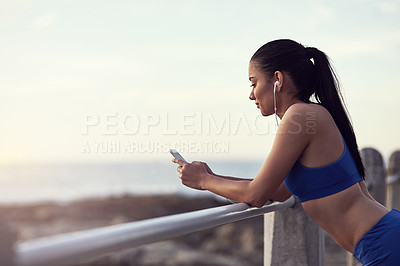 Buy stock photo Shot of a fit young woman using her phone and earphones during a workout outdoors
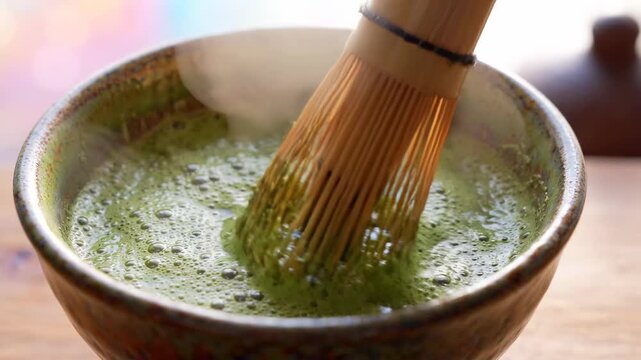 Japanese matcha tea preparation with bamboo whisk in ceramic bowl, frothy green beverage, steam rising, traditional ceremony, focus on texture and process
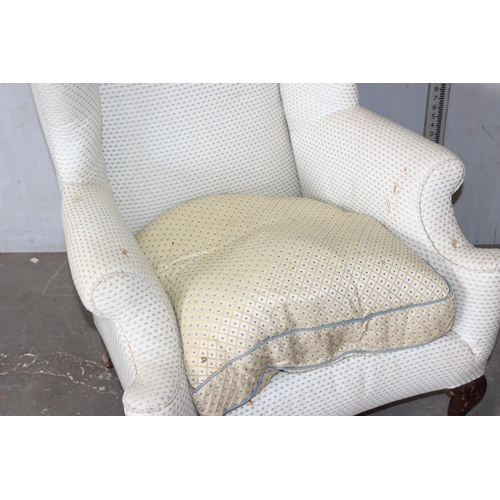 58 - A Georgian style wingback armchair with cream upholstery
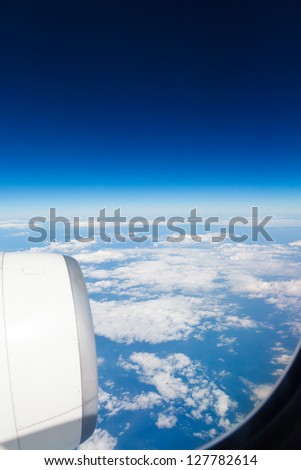 top view from the airplane on the blue sky and clouds and aircraft engine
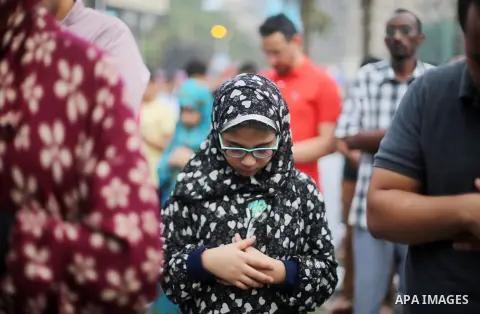 Egyptian Muslims attend the morning prayers for Eid al-Fitr celebrations, which marks the end of the holy fasting month of Ramadan, at Mustafa Mahmoud Squar, in Cairo, Egypt, on July 06, 2016. Photo by Amr Sayed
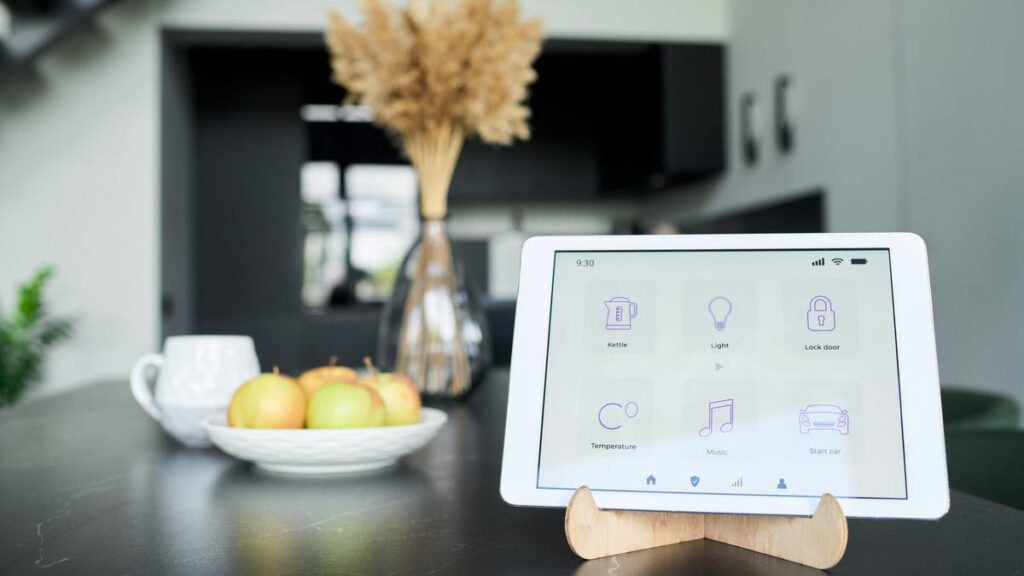 A home smart display on a wood stand on a dark table with a bowl of apples beside it.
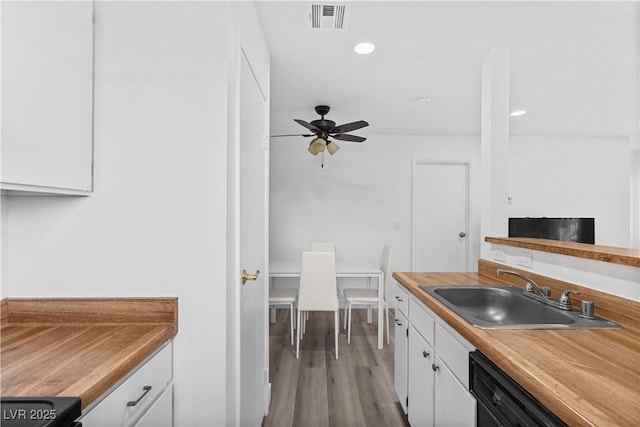 3923 Gogo Way Unit 106, Las Vegas, NV 89103 - kitchen featuring a sink, white cabinets, light wood finished floors, ceiling fan, and dishwashing machine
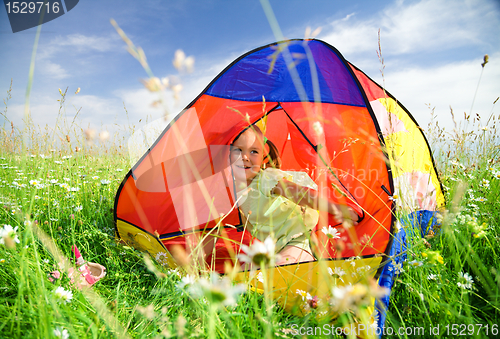 Image of Girl is playing outdoors under tent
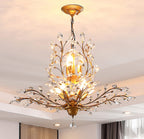 Maison Ornate K9 Crystal Chandelier with gold, black, silver branches and leaf-shaped faceted crystals.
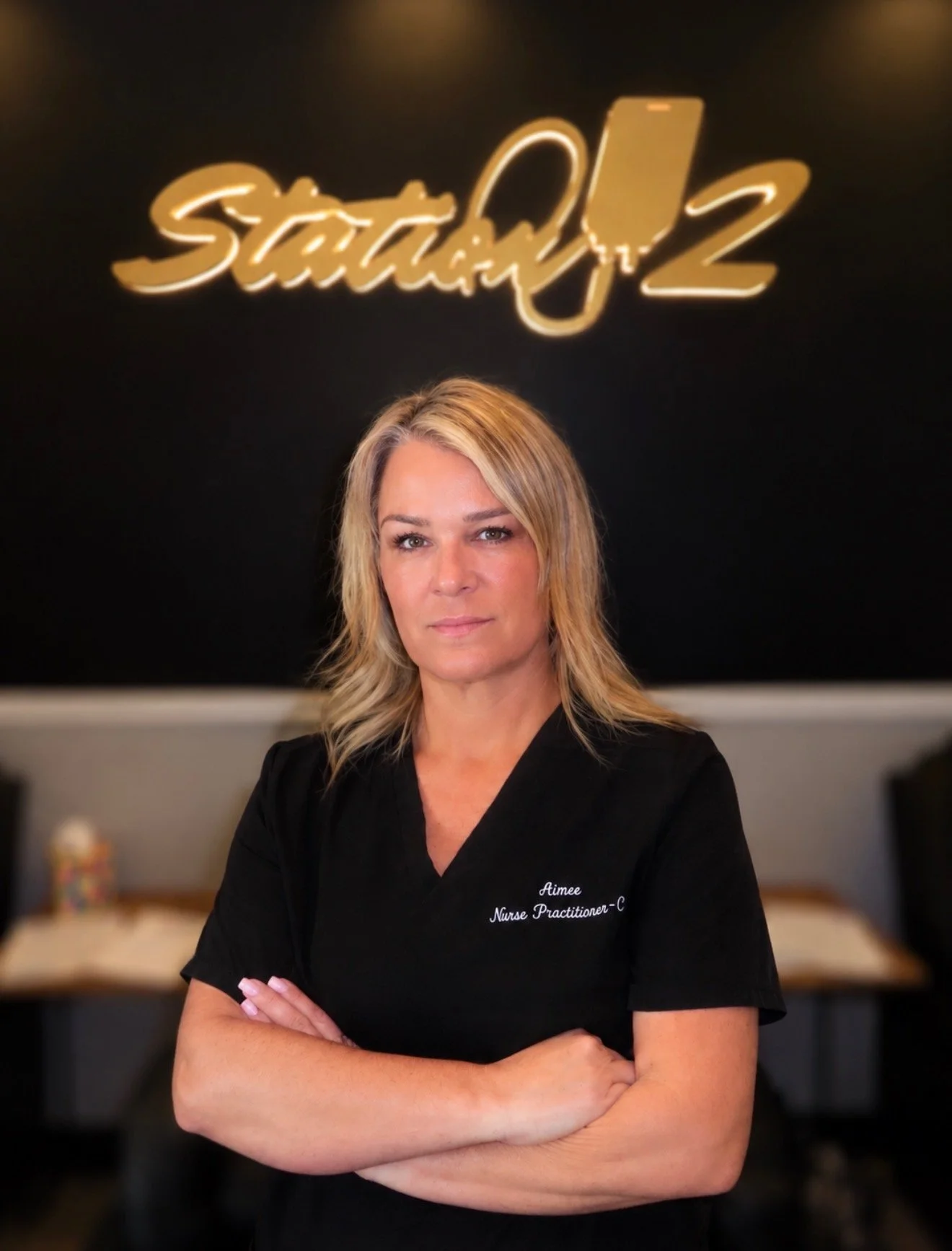 A woman with blonde hair, wearing a black nurse uniform with her arms crossed, standing in front of a black wall with illuminated gold sign that reads 'Startup' and '2'.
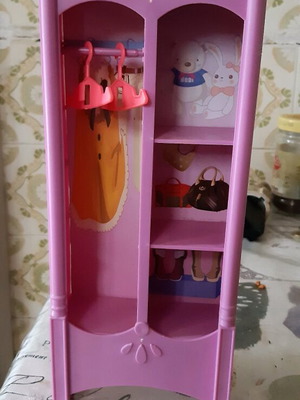 Doll wardrobe used pink with 2 hangers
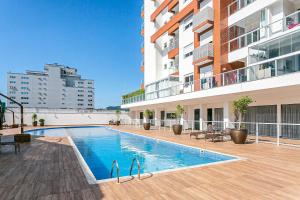 a swimming pool on the side of a building at WI-FI 100mb | Vista Parcial do MAR #CA32 in Florianópolis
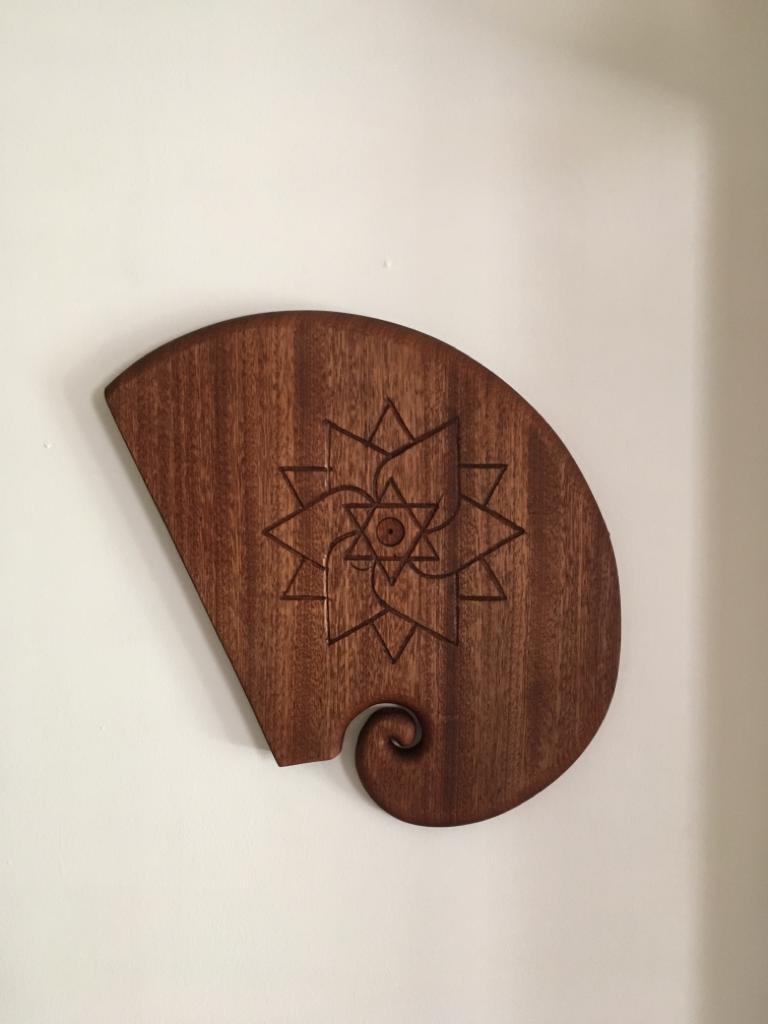 Dekoracyjny panel z ciemnego drewna z wygrawerowanym geometrycznym wzorem kwiatowym, przymocowany do białej ściany.
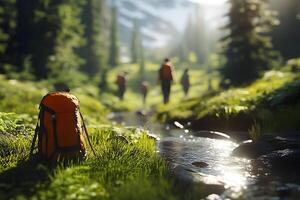 Group of hikers walking along a stream in a lush green meadow, sunlight filtering through trees photo
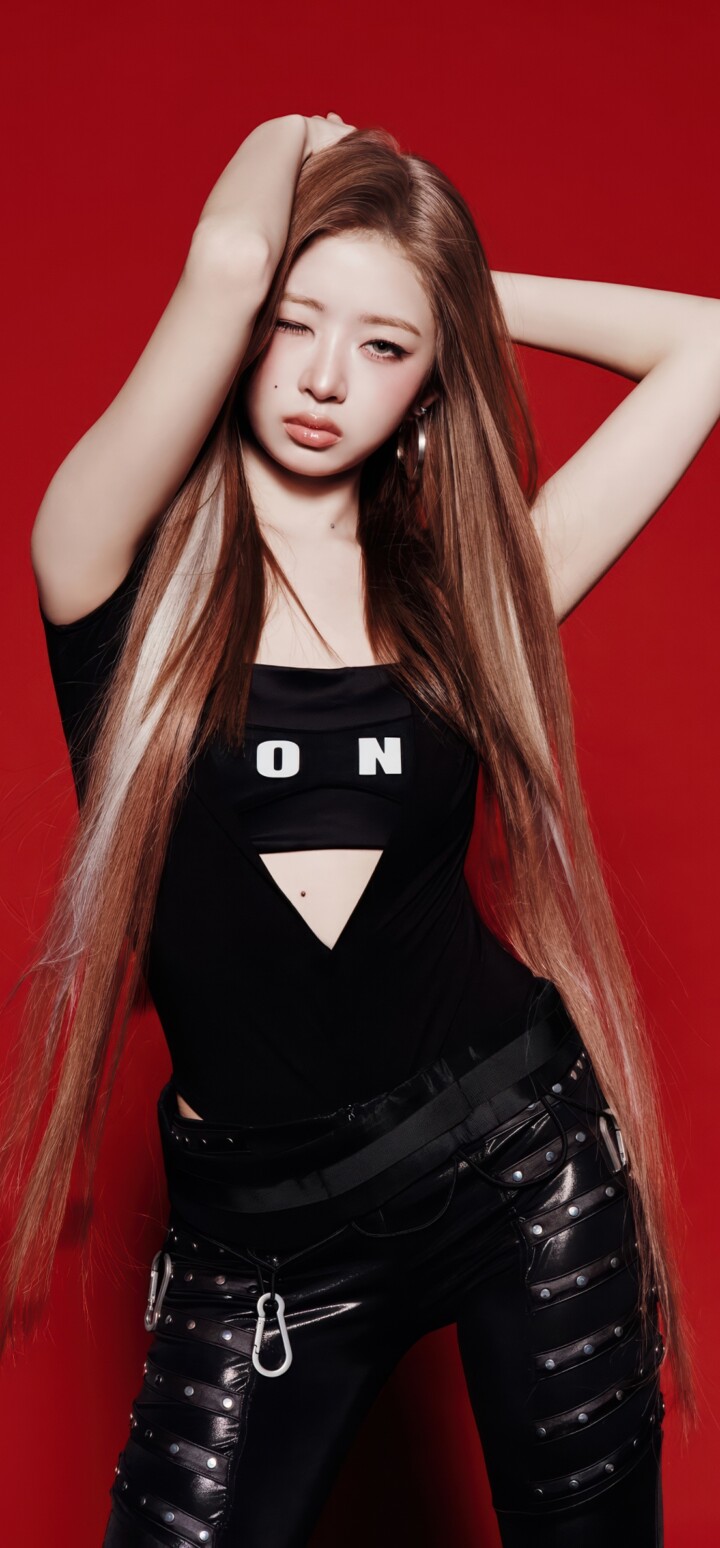 Rei from the K-pop group IVE wearing a black dress against a solid red background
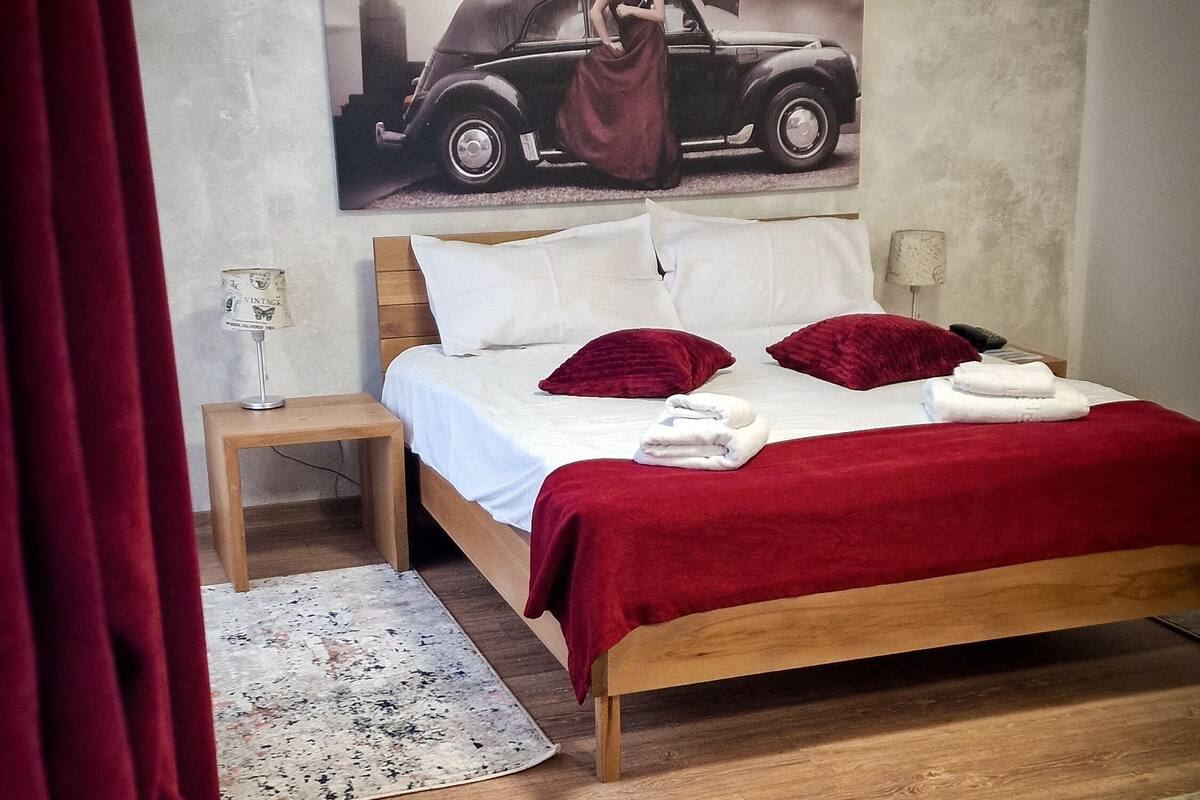 Un dormitori amb un llit, una taula de nit, una làmpada, una cortina vermella i un pòster d'un cotxe a la paret.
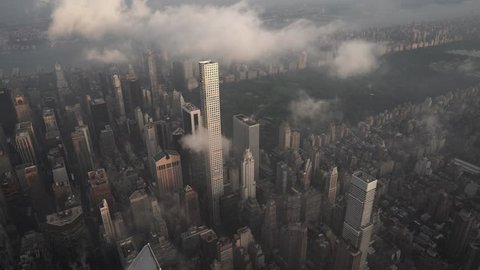 New York City Circa-2015, aerial view flying over Midtown Manhattan skyscrapers toward Central Park at sunrise, with fog and low level clouds at sunrise
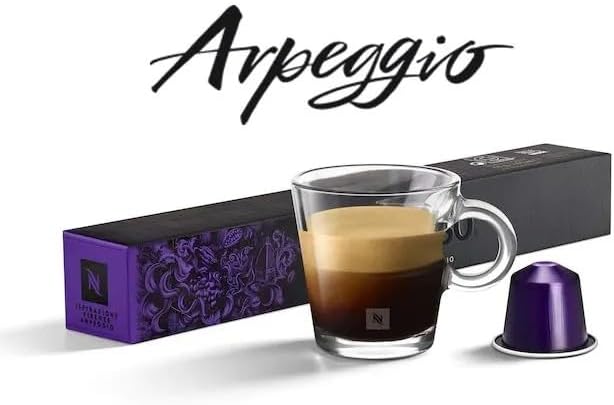 Two Nespresso Descaling Agent sachets, showing product information and safety warnings.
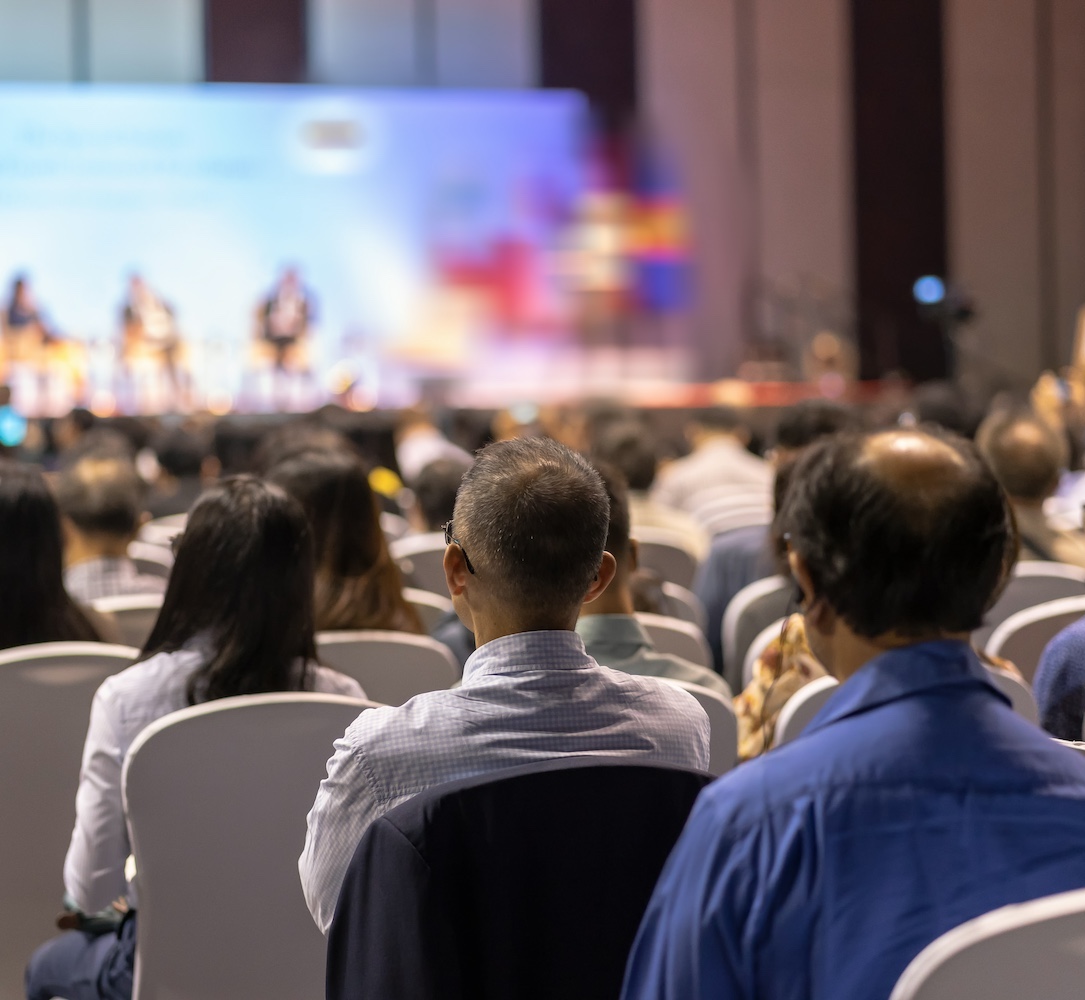 Rear view of Audience listening Speakers on the stage in the conference hall or seminar meeting, business and education about investment concept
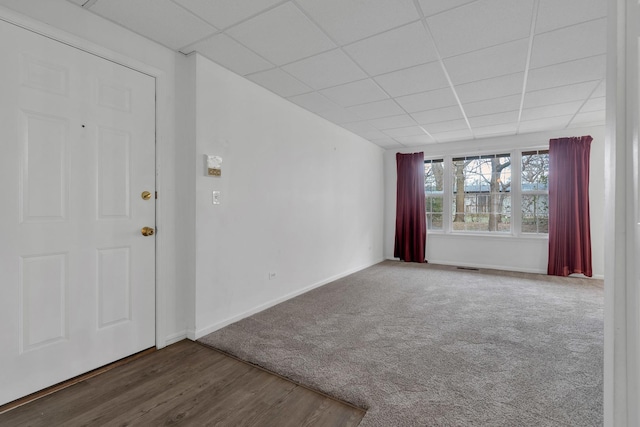 carpeted spare room featuring a paneled ceiling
=====
## What you need to do
Apart from the pictures, every record must be set down exactly.

## Response
 Buy stock photo Shot of a fit young woman using her phone and earphones during a workout outdoors
 Japanese matcha tea preparation with bamboo whisk in ceramic bowl, frothy green beverage, steam rising, traditional ceremony, focus on texture and process
 58 - A Georgian style wingback armchair with cream upholstery
 top view from the airplane on the blue sky and clouds and aircraft engine
 Egyptian Muslims attend the morning prayers for Eid al-Fitr celebrations, which marks the end of the holy fasting month of Ramadan, at Mustafa Mahmoud Squar, in Cairo, Egypt, on July 06, 2016. Photo by Amr Sayed
 A home smart display on a wood stand on a dark table with a bowl of apples beside it.
 3923 Gogo Way Unit 106, Las Vegas, NV 89103 - kitchen featuring a sink, white cabinets, light wood finished floors, ceiling fan, and dishwashing machine
 Image of Girl is playing outdoors under tent
 Maison Ornate K9 Crystal Chandelier with gold, black, silver branches and leaf-shaped faceted crystals.
 A woman with blonde hair, wearing a black nurse uniform with her arms crossed, standing in front of a black wall with illuminated gold sign that reads 'Startup' and '2'.
 Doll wardrobe used pink with 2 hangers
 a swimming pool on the side of a building at WI-FI 100mb | Vista Parcial do MAR #CA32 in Florianópolis
 Dekoracyjny panel z ciemnego drewna z wygrawerowanym geometrycznym wzorem kwiatowym, przymocowany do białej ściany.
 Group of hikers walking along a stream in a lush green meadow, sunlight filtering through trees photo
 Rei from the K-pop group IVE wearing a black dress against a solid red background
 Un dormitori amb un llit, una taula de nit, una làmpada, una cortina vermella i un pòster d'un cotxe a la paret.
 New York City Circa-2015, aerial view flying over Midtown Manhattan skyscrapers toward Central Park at sunrise, with fog and low level clouds at sunrise
 Two Nespresso Descaling Agent sachets, showing product information and safety warnings.
 Rear view of Audience listening Speakers on the stage in the conference hall or seminar meeting, business and education about investment concept
 carpeted spare room featuring a paneled ceiling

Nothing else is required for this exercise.